Six key Democratic Senators have urged the SEC to use its existing authority under Sarbanes-Oxley to require that companies write detailed descriptions of all their off-balance sheet activities in their annual Form 10-K reports and not just descriptions of those activities that are reasonably likely to affect the firm’s financial condition, as the regulations currently state. In a letter to SEC Chair Mary Schapiro, the senators also urged the Commission to require companies to explicitly justify why they have not brought those liabilities onto the balance sheet. As regulators implement the Dodd-Frank Wall Street Reform and Consumer Protection Act, noted the senators, the complete disclosure of all off-balance sheet activities is particularly crucial for the largest and most interconnected companies, including both banks and non-banks. Without such disclosure, they emphasized, it will be almost impossible for regulators to set appropriate capital and leverage requirements under Dodd-Frank and for investors and counterparties to make wise decisions about where to put their money.
Moreover, the senators urge the SEC to encourage the FASB to improve financial reporting rules for all types of off-balance sheet activities and to monitor FASB’s efforts to prohibit off-balance sheet financing. The letter to the SEC Chair was signed by Senators Robert Menendez, Ted Kaufman, Barbara Boxer, Diane Feinstein, Carl Levin, and Sherrod Brown.
The Sarbanes-Oxley Act authorized the SEC to require reporting of off-balance sheet activities. While the SEC did issue rules on off-balance sheet activity pursuant to Sarbanes-Oxley, noted the senators, they are troubled that, despite these rules, widespread off-balance sheet accounting arrangements allowed large financial firms to hide trillions of dollars in obligations from investors, creditors, and regulators. As Frank Partnoy and former SEC Chief Accountant Lynn Turner wrote in a recent report, noted the senators, abusive off-balance sheet accounting was a major cause of the financial crisis. The report indicates that these abuses triggered a daisy chain of dysfunctional decision-making by removing transparency from investors, markets, and regulators. Off-balance sheet accounting facilitated the spread of the bad loans, securitizations, and derivative transactions that brought the financial system to the brink of collapse.
For example, said the senators, Citigroup reportedly kept $1.1 trillion worth of assets off its books in various financing vehicles and trusts that were used to handle mortgage-backed securities and issue short-term debt. In addition, State Street shareholders saw their investment value drop by 60% in a single day when hidden off-balance sheet conduits sustained heavy losses under credit turmoil in January 2009. Neither of these companies adequately disclosed the risks posed by their off-balance sheet activities to investors. Had they done so, said the senators, investors and creditors might have made better decisions.

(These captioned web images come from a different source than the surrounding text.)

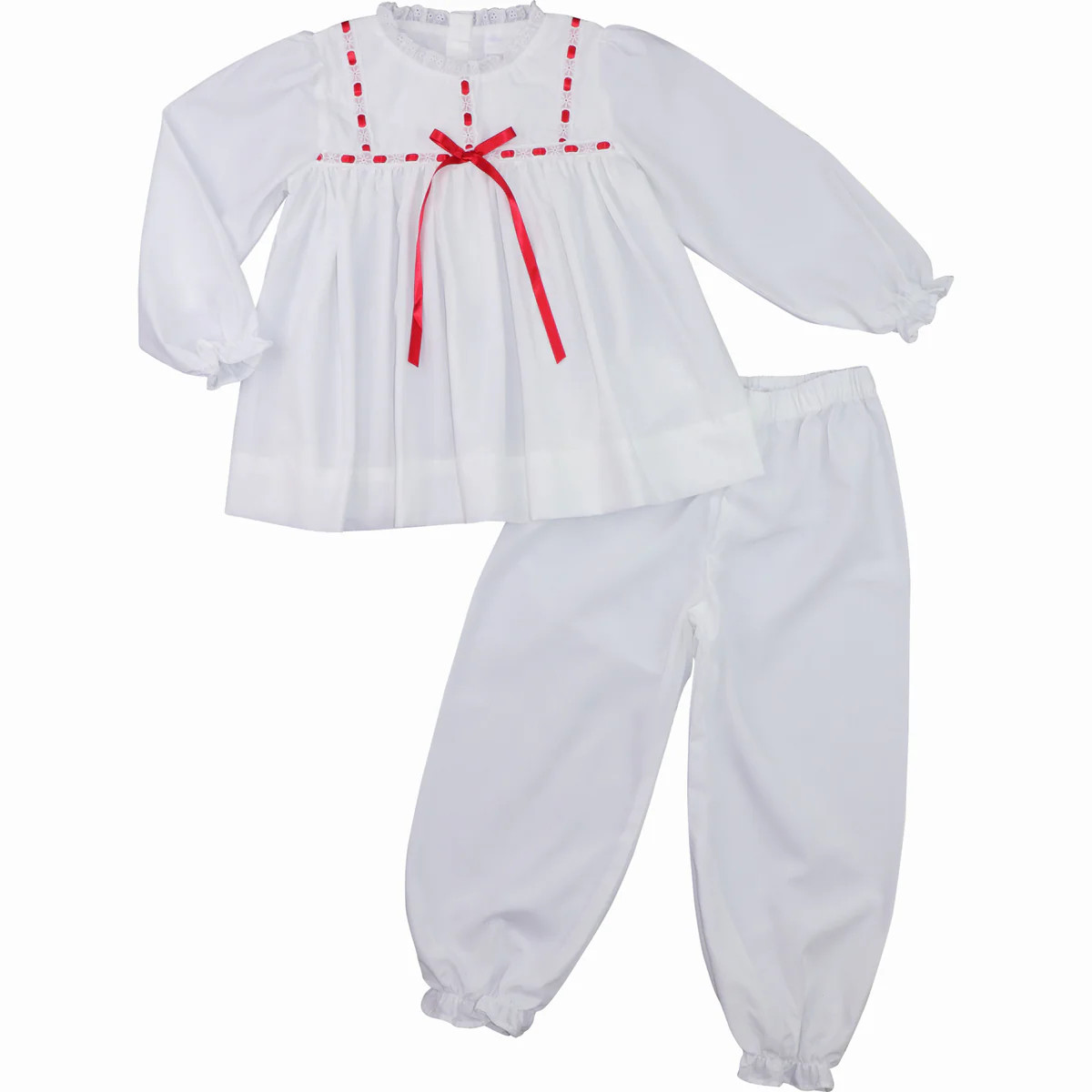 White Satin Ribbon Eyelet Pajamas | Eliza James Kids
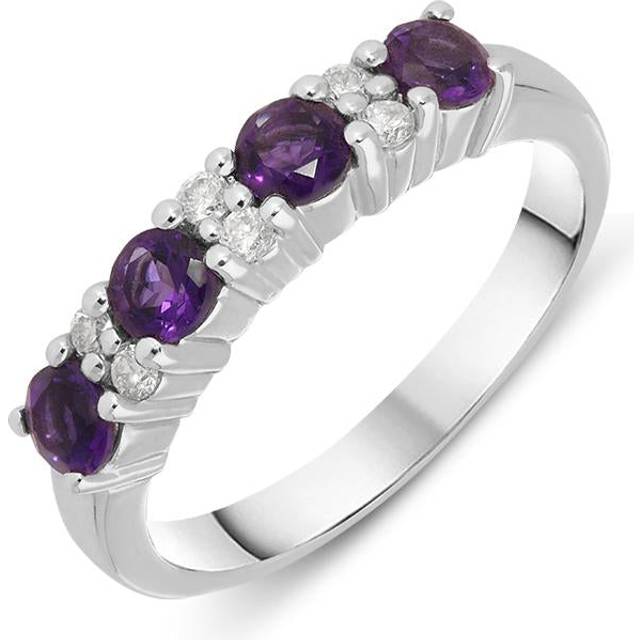 18ct White Gold 0.72ct Amethyst Diamond Ring - O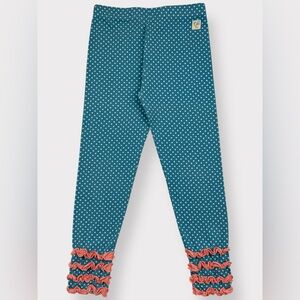 Sz 6 Wildflowers Mystical Mimi leggings blue with polka dots & coral trim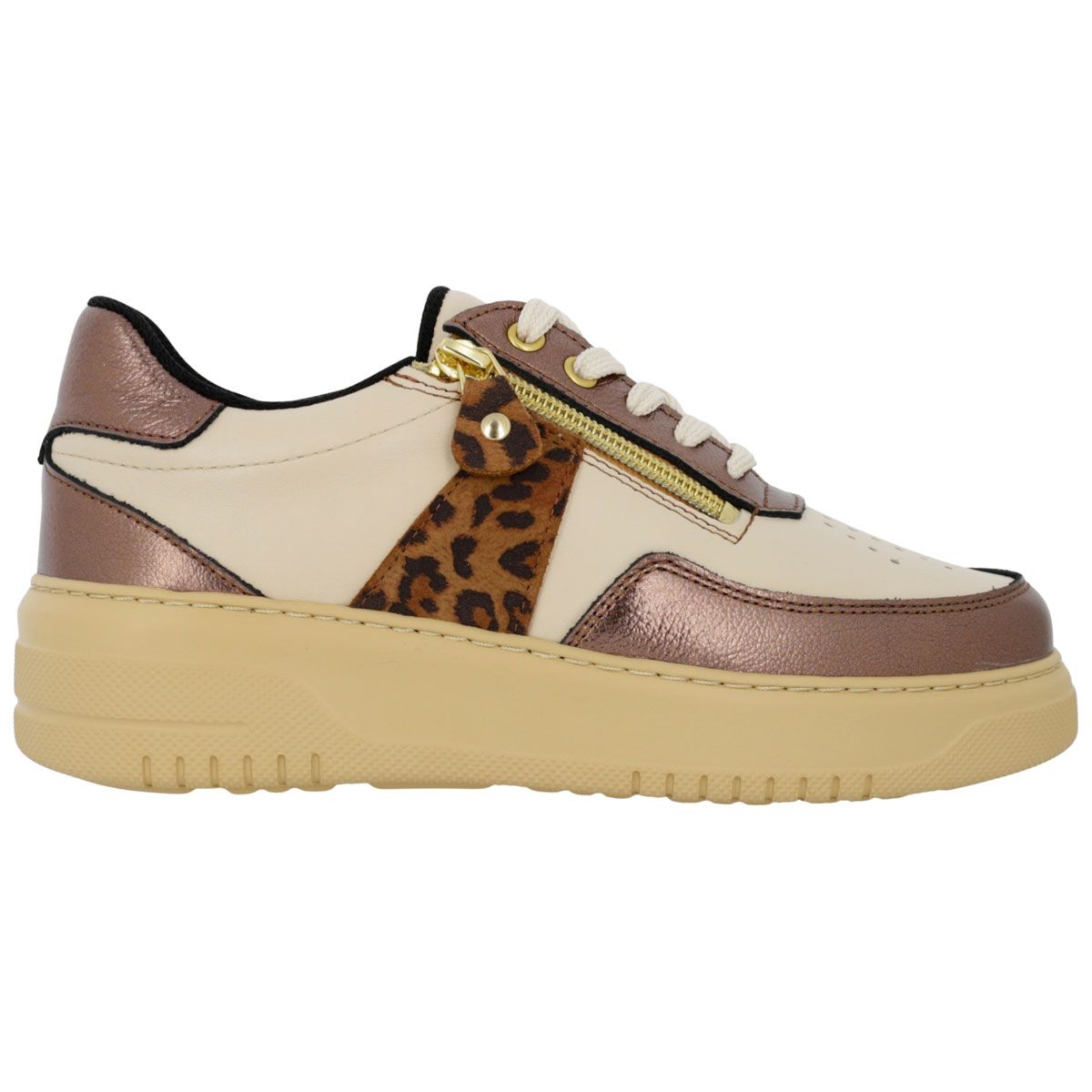 Sneakers crema con accenti leopardati, zip e dettagli color bronzo.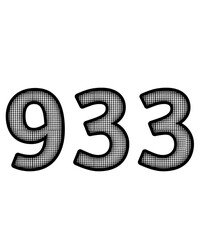 Block and white color numbers 933
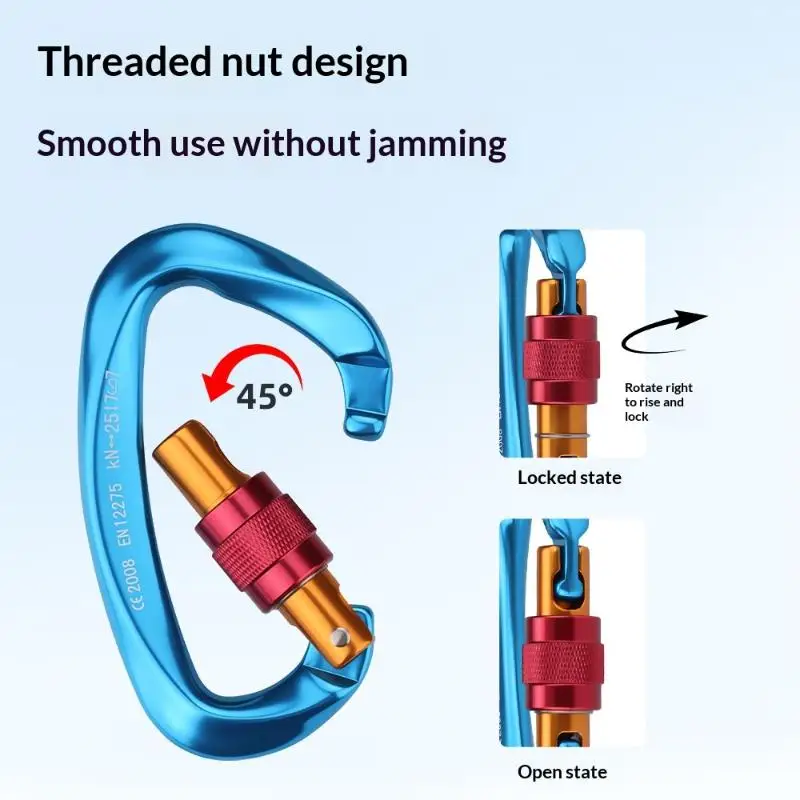 25KN Aviation Aluminum Mountaineering Caving Rock Climbing Key Hooks Screw Lock Carabiner D Shaped Safety Master Buckle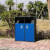 樊先森 户外两分类垃圾桶室外环卫果皮箱市政物业小区街道公园垃圾箱大号商用 蓝灰色镀锌板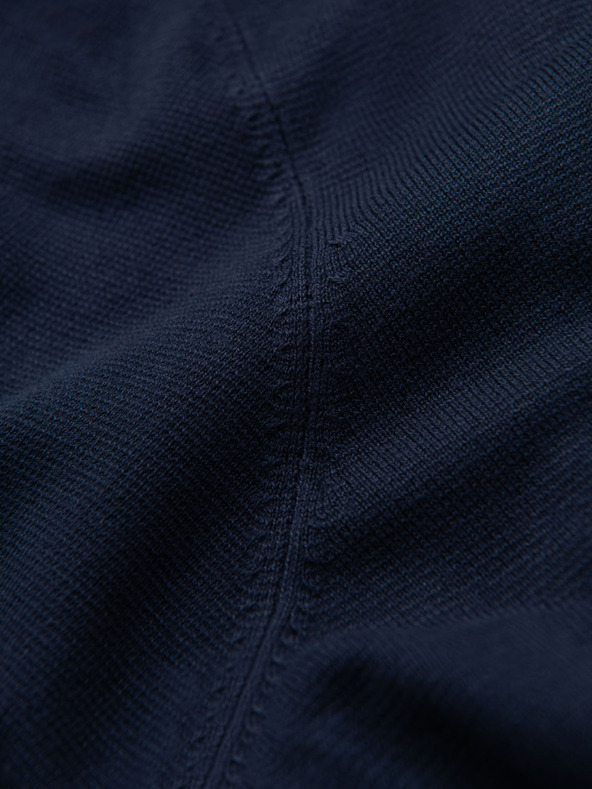 Ombre Clothing Férfi klasszikus kötött bordázott ing - sötétkék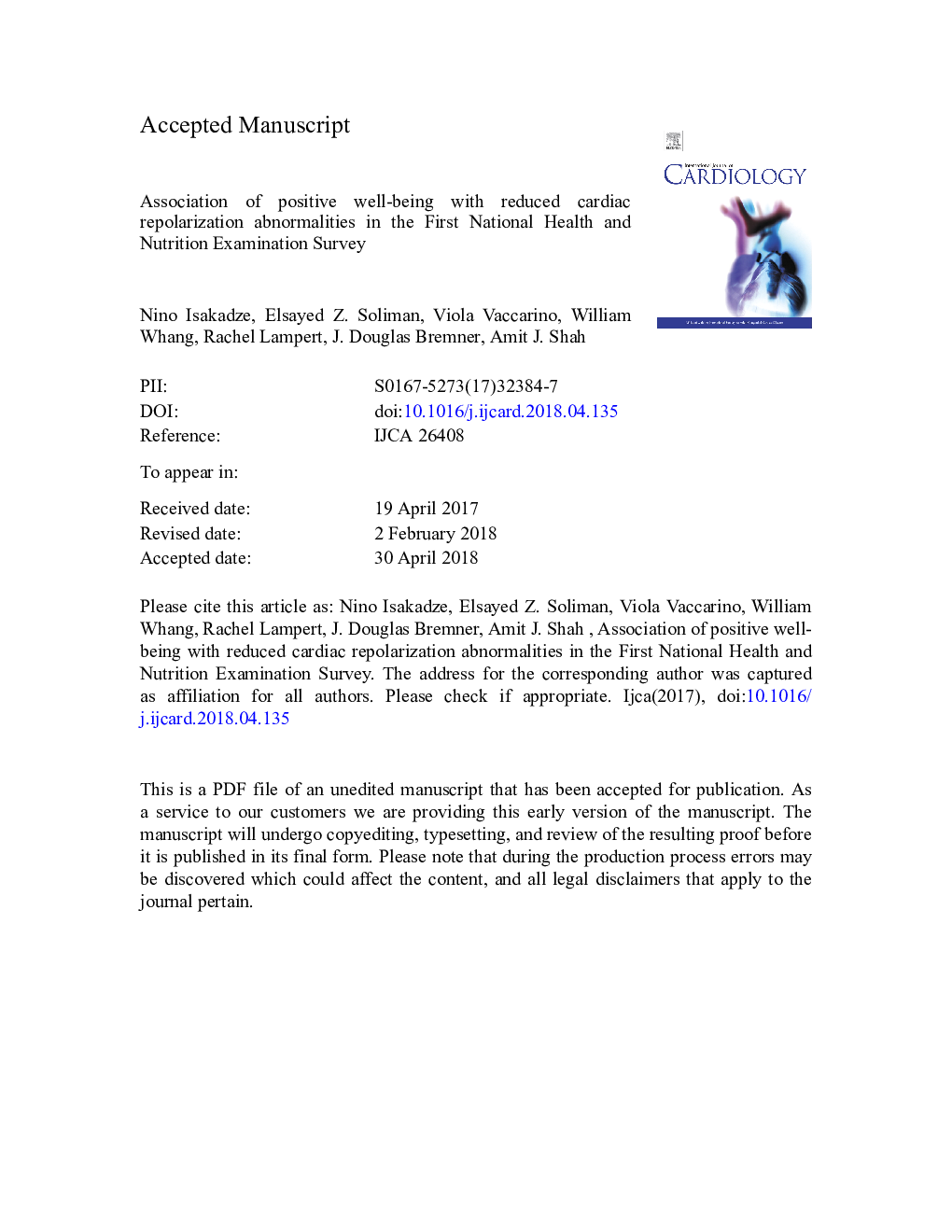 Association of positive well-being with reduced cardiac repolarization abnormalities in the First National Health and Nutrition Examination Survey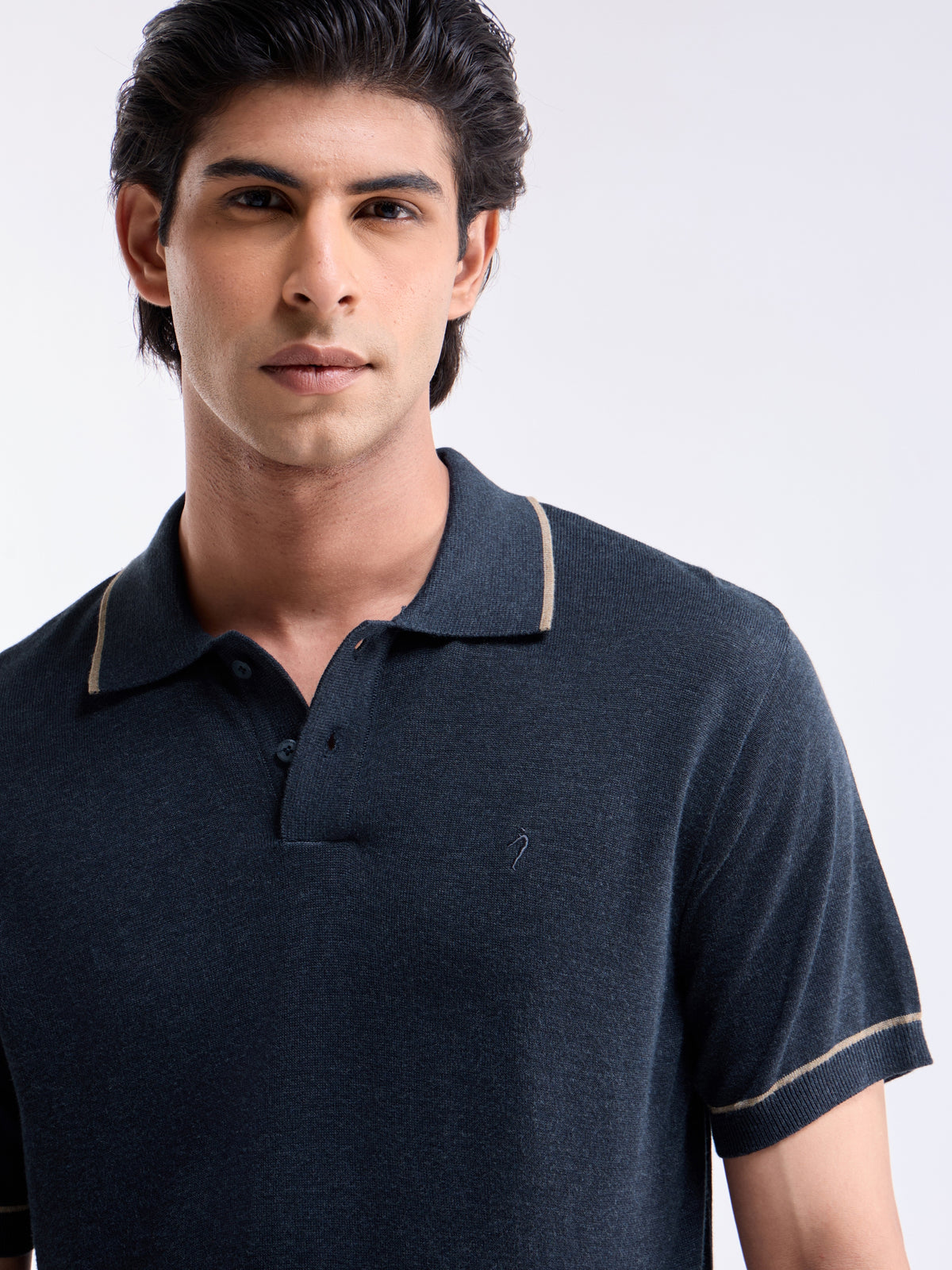 Solid Crew Neck Regular Fit T-shirt - Mid Navy t4option_0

The senators also urged the SEC to pay particular attention to the large market for repurchase agreements. They are concerned by both the risks of using short-term funding for longer-term holdings and that firms may be engaging in these transactions with the intent to hide their true debt and risk levels. As an example of such, they cited Lehman Brothers use of the Repo 105 transaction as particularly troubling. According to the Lehman Brothers Examiner’s Report, Lehman took advantage of accounting rules to temporarily book a loan as a sale, and by carefully timing this transaction just before the release of its quarterly financial report, Lehman was able to deceive the public and regulators into thinking it was much better capitalized than it actually was.
The federal bankruptcy court examiner concluded that there were colorable claims against Lehman’s outside auditor for its failure to question and challenge improper or inadequate disclosures in Lehman’s financial statements. Similarly, the examiner found colorable claims against the Lehman senior officers who oversaw and certified the firm’s misleading financial statements. Further, although repo transactions engaged in by the firm may not have been inherently improper, the examiner found a colorable claim that their sole function as employed by Lehman was balance sheet manipulation. On September 15, 2008, as the financial crisis roiled, Lehman Brothers Holdings, Inc. sought Chapter 11 protection in the largest bankruptcy proceeding ever filed.
In order to prevent this from happening in the future, the senators urged the SEC to require disclosure of period end and daily average leverage ratios in quarterly and annual reports. This would provide useful information to investors and creditors to assist their decision-making processes. Rather than relying on carefully-staged quarterly and annual snapshots, said the senators, investors and creditors should have access to a complete real-life picture of a company’s financial situation.
The SEC was founded on the premise that when investors and creditors have full and accurate information about companies’ finances, they can allocate capital effectively. But when companies use accounting gimmicks to mislead investors and creditors, capital markets malfunction. As the financial markets attempt to recover from the latest meltdown, the senators want the SEC, in addition to aggressively investigating and prosecuting past misconduct, tol put in place new rules that will make it harder for companies to mislead investors and creditors in the future.